BEGIN Material supplied
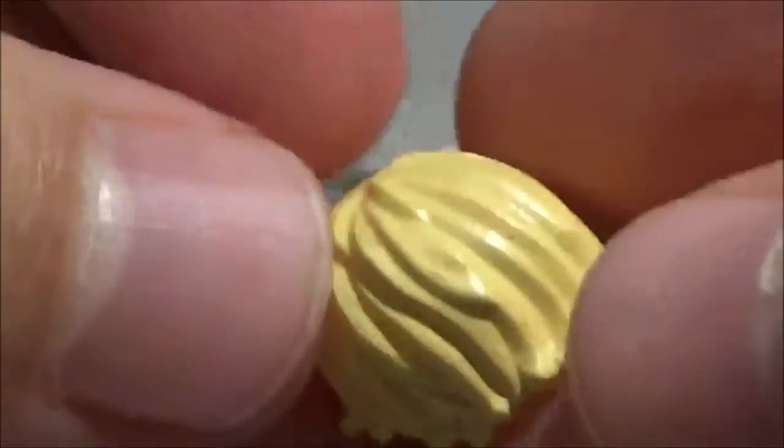And here is the hairpiece. It's this kind of surfer dude wavy hairpiece, which I painted myself. This was Banana Cream, I believe is what it's called. I think it's Americana paint, if I'm not mistaken.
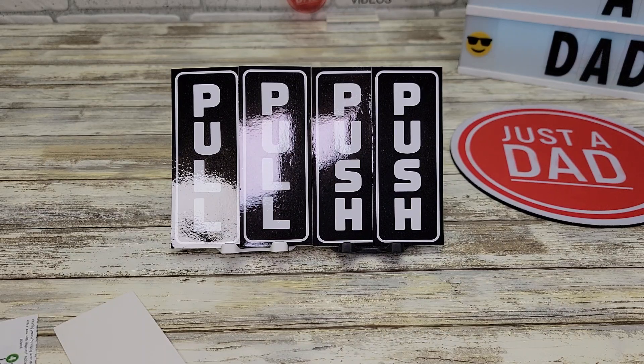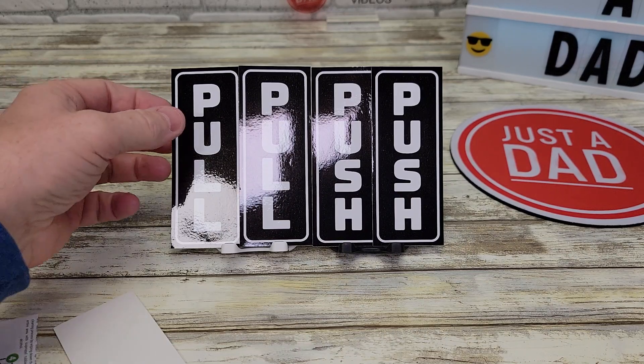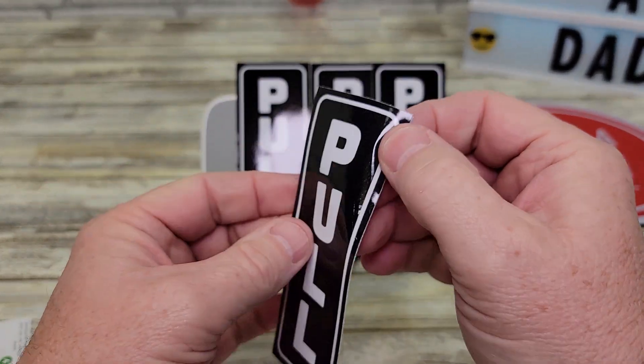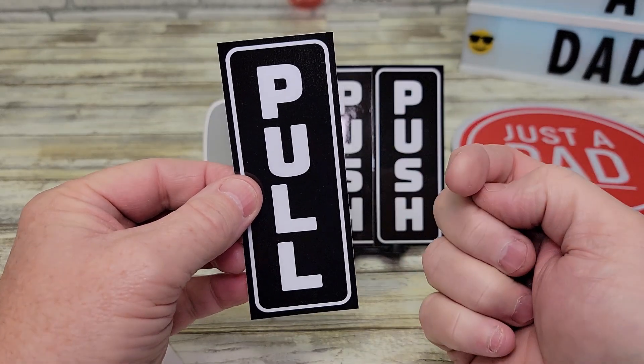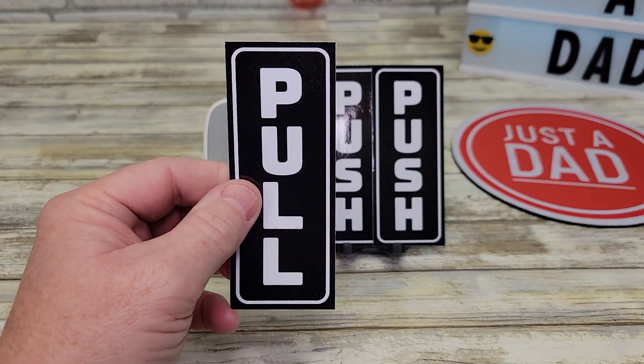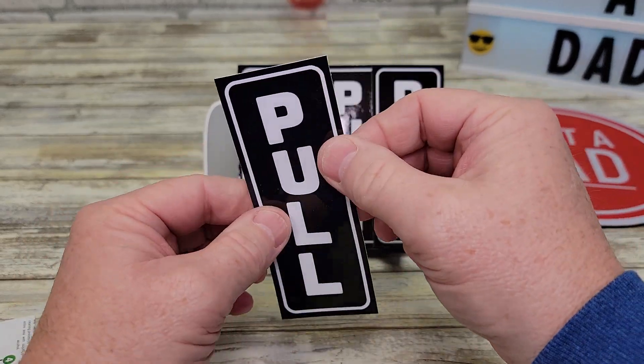Hello everyone, this is Just A Dad. Today I'm going to do a review on these push-pull stickers. These stickers do feel really nice. They have adhesive on the back so you can just stick them on a door to let people know whether you pull the door or push it. They are approximately five inches by two inches. They feel like they're pretty good quality.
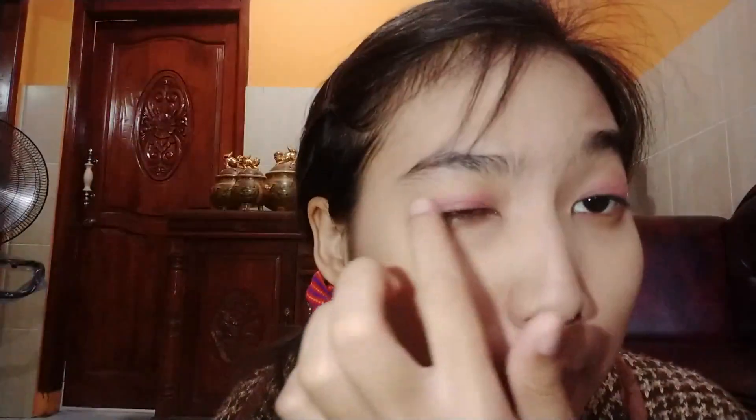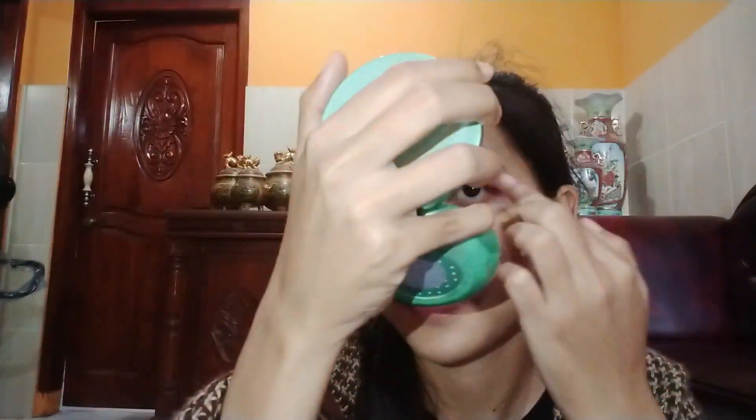The second step is eyeshadow. I didn't use a powder-based eyeshadow — I use cream, specifically lip cream, for my eyeshadow because it's easy to apply and also cost effective. I use Pixy, which you can get at Indomaret. Before applying mascara, I curl my eyelashes first so that they look curved and not flat.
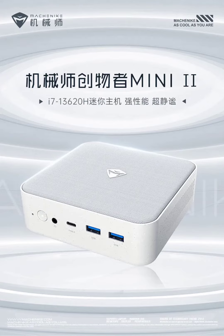The mini PC comes with dual DDR5 memory slots, M.2 SSD support, PCIe Wi-Fi 6E for fast wireless connectivity, Bluetooth 5.3, and comes pre-installed with Windows 11.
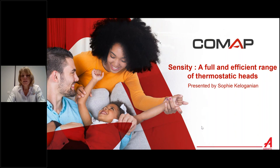Hi, welcome to this webinar with COMAP and with me, Sophie K. Le Gagnon. I suggest today to talk about the Sanziti head and I'm going to show you the efficient range of thermostatic heads — all the versions we have about the Sanziti head.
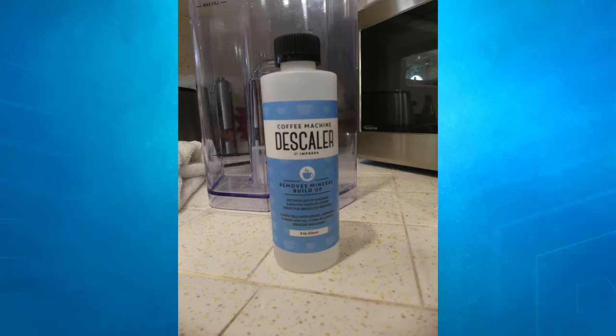We're going to jump straight into the description of this product. Moving into what this thing comes with, it's very simple. When you order this, you're probably going to order a pack of two of the Coffee Machine DeScaler, and it will come in two separate bottles that you can use. That's all it comes with.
END Material supplied
Work to complete
Your task is to repeat the data above exactly while excluding the pictures.

Result for this exercise
And here is the hairpiece. It's this kind of surfer dude wavy hairpiece, which I painted myself. This was Banana Cream, I believe is what it's called. I think it's Americana paint, if I'm not mistaken.
Hello everyone, this is Just A Dad. Today I'm going to do a review on these push-pull stickers. These stickers do feel really nice. They have adhesive on the back so you can just stick them on a door to let people know whether you pull the door or push it. They are approximately five inches by two inches. They feel like they're pretty good quality.
The second step is eyeshadow. I didn't use a powder-based eyeshadow — I use cream, specifically lip cream, for my eyeshadow because it's easy to apply and also cost effective. I use Pixy, which you can get at Indomaret. Before applying mascara, I curl my eyelashes first so that they look curved and not flat.
The mini PC comes with dual DDR5 memory slots, M.2 SSD support, PCIe Wi-Fi 6E for fast wireless connectivity, Bluetooth 5.3, and comes pre-installed with Windows 11.
Hi, welcome to this webinar with COMAP and with me, Sophie K. Le Gagnon. I suggest today to talk about the Sanziti head and I'm going to show you the efficient range of thermostatic heads — all the versions we have about the Sanziti head.
We're going to jump straight into the description of this product. Moving into what this thing comes with, it's very simple. When you order this, you're probably going to order a pack of two of the Coffee Machine DeScaler, and it will come in two separate bottles that you can use. That's all it comes with.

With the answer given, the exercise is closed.